--- Try it ---
Give the line with "Picture of Home" again, along with every line below it to the end of the records, word for word.

--- The input ---
----

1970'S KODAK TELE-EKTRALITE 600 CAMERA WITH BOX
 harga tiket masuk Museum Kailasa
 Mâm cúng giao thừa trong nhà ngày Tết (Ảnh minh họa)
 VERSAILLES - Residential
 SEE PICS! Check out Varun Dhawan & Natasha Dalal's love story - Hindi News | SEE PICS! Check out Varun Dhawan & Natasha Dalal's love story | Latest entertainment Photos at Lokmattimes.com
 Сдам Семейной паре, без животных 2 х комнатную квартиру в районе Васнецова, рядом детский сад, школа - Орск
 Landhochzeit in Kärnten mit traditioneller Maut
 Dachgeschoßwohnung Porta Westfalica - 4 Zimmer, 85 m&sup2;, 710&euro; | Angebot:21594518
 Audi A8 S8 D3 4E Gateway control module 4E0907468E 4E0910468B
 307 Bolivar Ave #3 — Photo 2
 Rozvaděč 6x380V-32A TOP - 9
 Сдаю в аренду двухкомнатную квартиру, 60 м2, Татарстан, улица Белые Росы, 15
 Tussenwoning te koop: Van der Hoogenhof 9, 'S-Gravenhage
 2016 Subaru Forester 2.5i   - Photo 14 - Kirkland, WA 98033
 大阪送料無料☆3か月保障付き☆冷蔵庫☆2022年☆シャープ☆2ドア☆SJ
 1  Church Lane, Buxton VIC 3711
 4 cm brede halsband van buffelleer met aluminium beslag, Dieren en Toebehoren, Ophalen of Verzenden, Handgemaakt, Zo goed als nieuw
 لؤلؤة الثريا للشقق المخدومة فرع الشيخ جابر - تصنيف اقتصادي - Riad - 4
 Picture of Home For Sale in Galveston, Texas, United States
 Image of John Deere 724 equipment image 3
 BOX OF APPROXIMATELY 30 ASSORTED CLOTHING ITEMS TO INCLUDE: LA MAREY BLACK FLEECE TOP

----

--- Output for this exercise ---
 Picture of Home For Sale in Galveston, Texas, United States
 Image of John Deere 724 equipment image 3
 BOX OF APPROXIMATELY 30 ASSORTED CLOTHING ITEMS TO INCLUDE: LA MAREY BLACK FLEECE TOP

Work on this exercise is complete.